▸ Exercise goal
In full and word for word, copy the listing; no pictures belong in the copy.

Raw data section start

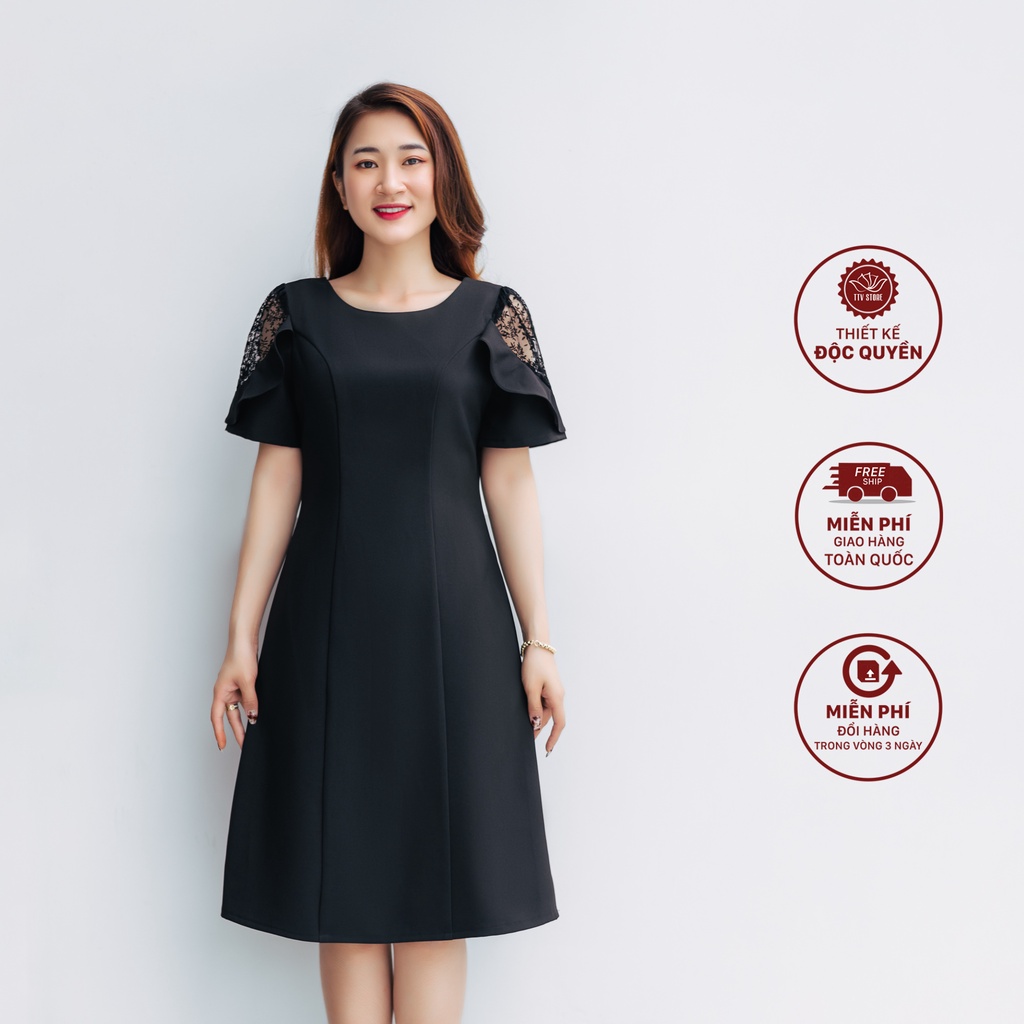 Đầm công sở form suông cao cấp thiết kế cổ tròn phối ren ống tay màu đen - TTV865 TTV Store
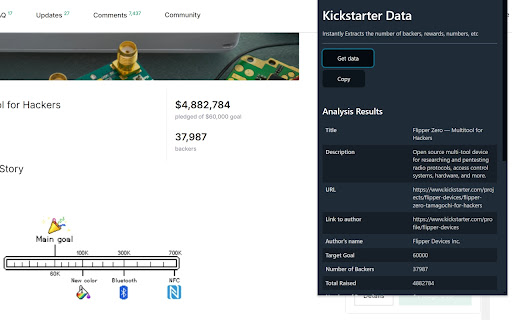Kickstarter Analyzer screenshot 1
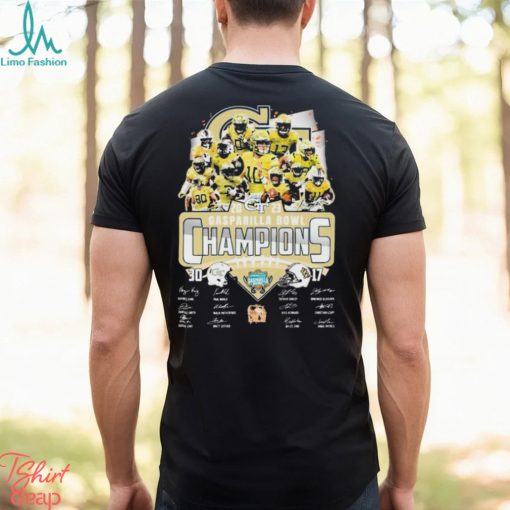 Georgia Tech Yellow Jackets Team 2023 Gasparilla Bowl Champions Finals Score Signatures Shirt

Raw data section end

▸ Result of this exercise
 Đầm công sở form suông cao cấp thiết kế cổ tròn phối ren ống tay màu đen - TTV865 TTV Store
Kickstarter Analyzer screenshot 1
 Georgia Tech Yellow Jackets Team 2023 Gasparilla Bowl Champions Finals Score Signatures Shirt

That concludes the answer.